*To do:* Exact copy, no pictures: repeat the data that follows.

*Source data:*
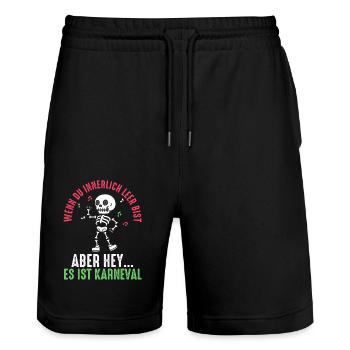 Costume de carnaval Carnaval - Short de jogging bio TRAINER Stanley/Stella unisexe - noir - Devant - Nik (191cm) & Marisol (170cm)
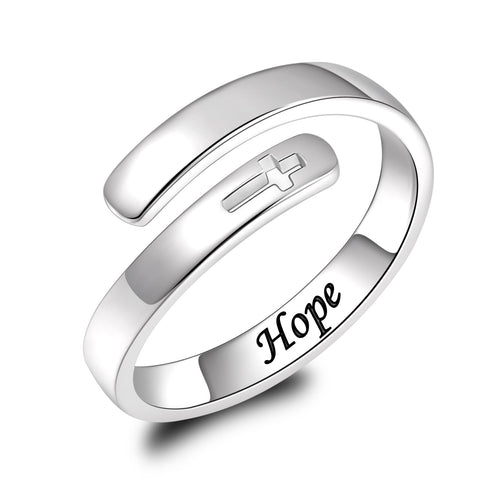 BEILIN Sterling Hope Cross Ring: Faith-Inspired Silver Jewelry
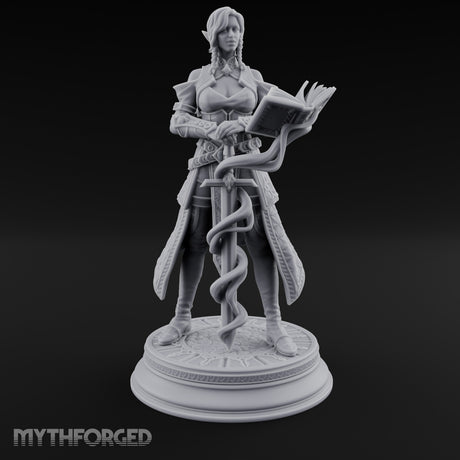 Magic Coiling Elf Spellsword Miniature for Dungeons and Dragons, Pathfinder or other TTRPGs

*Solved problem:*
 Costume de carnaval Carnaval - Short de jogging bio TRAINER Stanley/Stella unisexe - noir - Devant - Nik (191cm) & Marisol (170cm)
 BEILIN Sterling Hope Cross Ring: Faith-Inspired Silver Jewelry
 Magic Coiling Elf Spellsword Miniature for Dungeons and Dragons, Pathfinder or other TTRPGs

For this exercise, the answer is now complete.